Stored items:
-*-

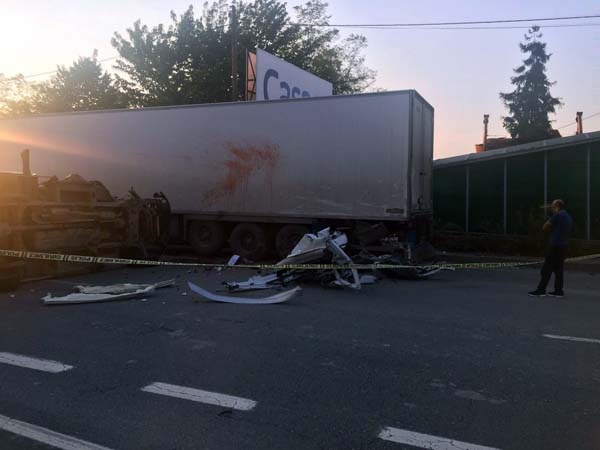 Rize’de Park halindeki tıra çarptı: 1 ölü, 1 yaralı 5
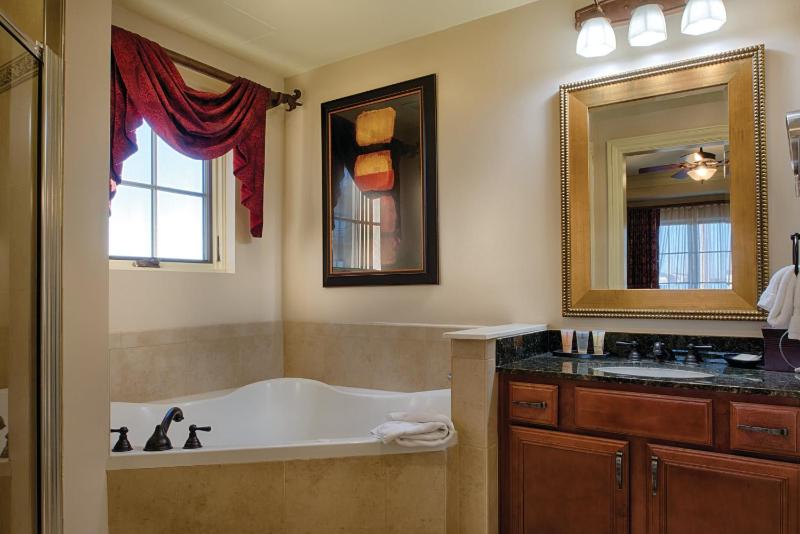 Wyndham La Cascada 1BR Apartment - image 16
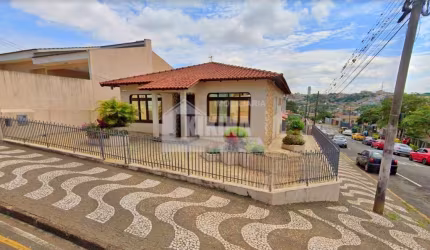 Casa Residencial com 3 quartos  à venda, 308.00 m2 por R$850000.00  - Olarias - Ponta Grossa/PR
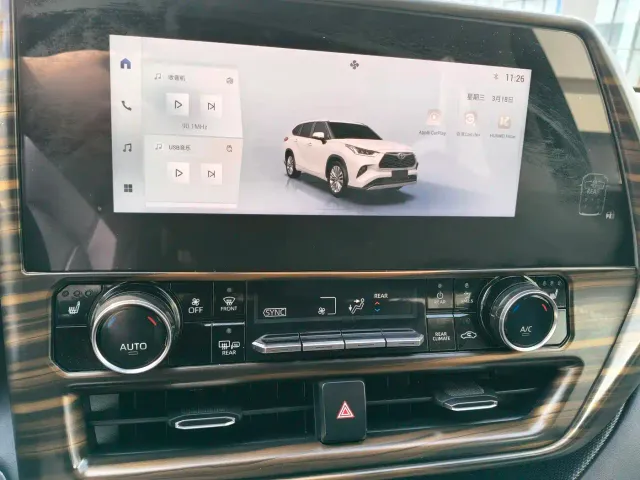 Toyota Highlander — Фото автомобиля 8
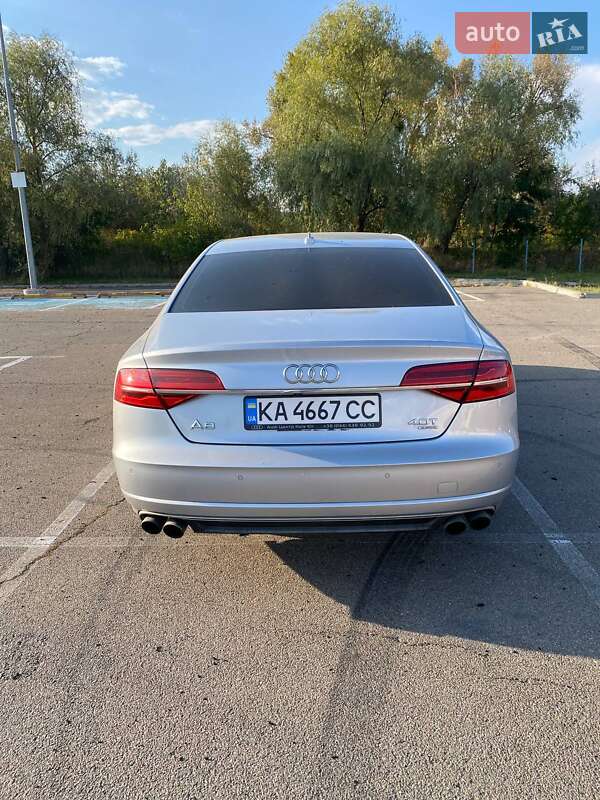 Седан Audi A8 2015 в Києві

-*-

#### [Instructions to follow]
Where the line containing "Toyota Highlander — Фото автомобиля 8" appears above, start there and set down each line exactly through the last line of the data; leave out every picture.

#### [Solution to the exercise]
 Toyota Highlander — Фото автомобиля 8
 Седан Audi A8 2015 в Києві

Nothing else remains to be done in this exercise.